Of all the games Provan played perhaps none was better than the 1963 grand final. In the muck and mud of the SCG, Provan led the Dragons to the most controversial and competitive decider of their 11 year dynasty, as they outlasted the Magpies 8-3. Given the black and whites had toppled Saints twice during the regular season, it may be the greatest of their many victories during their unparalleled dominance. It was after this match that Provan, who won man of the match, was captured in his iconic pose with Wests captain Arthur Summons. The iconic shot, dubbed "The Gladiators" by snapper John O'Gready, was immortalized in it's own way when it formed the premiership trophy.

 

Norm Provan played in 10 of St George’s 11 consecutive premiership wins. He also captained/coached the club to four of the titles.
Norm Provan played in 10 of St George’s 11 consecutive premiership wins. He also captained/coached the club to four of the titles.

 

MAL MENINGA

1990, Second Test, Ashes series

Meninga will forever be the only man to make four Kangaroo tours and his efforts in his 46 Tests were nothing short of superhuman. But he never scored a more important try than his matchwinner in the second match of the 1990 Ashes series. With Australia reeling after losing the first Test, the Kangaroos two-decade stranglehold on the Ashes seemed tenuous. Great Britain had levelled the scores in the final stages with an intercept try from Paul Loughlin off Ricky Stuart. Deep into injury time, Stuart dummied and ran from his own 20 and found his skipper alongside him. Meninga rumbled over to score the try, win the match and keep the series alive. The Kangaroos did the job in the Third Test in one of the great series between the two old rivals.

 

 

 

 

Mal Meninga in action for the Kangaroos in 1994, a team he now presides over as coach. Picture: Getty
Mal Meninga in action for the Kangaroos in 1994, a team he now presides over as coach. Picture: Getty

 

DAVE BROWN

1935, Roosters vs Canterbury

Some of the records Brown, who was dubbed "the Bradman of League", set during his illustrious career with Eastern Suburbs still stand and may never be broken.
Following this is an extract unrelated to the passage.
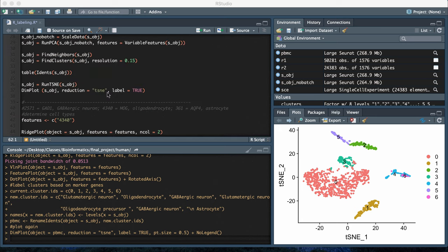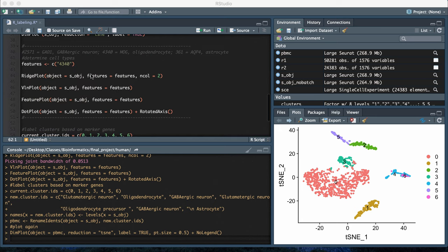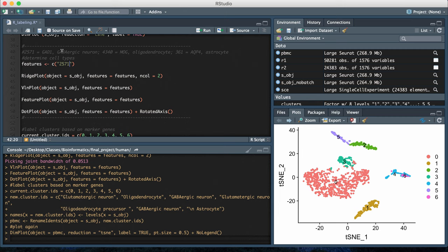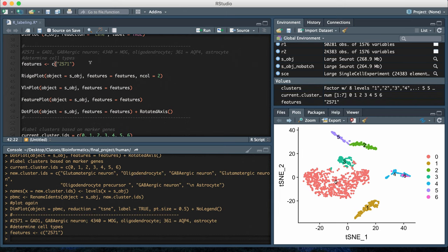Once you have the t-SNE plot that are unlabeled, then what you can do is go through using known genetic markers to test what the different clusters are showing you for the different cell types. I have some examples written down in my notes. I have 2571, which is the gene ID for GAD1, which is a genetic marker for GABAergic neurons.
Case in point was his masterclass in an 87-7 thumping of a hapless Canterbury side in 1935. At the very peak of his powers, Brown scored five tries and kicking 15 goals for a personal points tally of 45. No other player in premiership history has scored more than 40 points in a single match. If four-point tries were in vogue, Brown would have cracked the half century on his own. It formed the cornerstone of a truly stellar season for Brown - he scored 38 tries (a record which still stands) and 238 points (which stood until 1969) as the Tricolours lost just once all season en route to the premiership.

 

FRANK BURGE

1920, Glebe vs University

Burge remains the greatest tryscoring forward the sport has ever seen, running in 162 tries in 167 games for Glebe and St George and the afternoon he had against University almost 100 years ago stands alone as an example of his prowess. Against the hapless Students, Burge was totally unstoppable from lock forward and ran in eight tries, a mark nobody has ever matched in the top grade. Easts winger Rod O'Loan crossed for seven in one match in 1935 and Burge himself once scored six in a match, as have four others, but his tally stands alone. Throw in four goals and Burge had 32 of Glebe's points in the 41-0 route.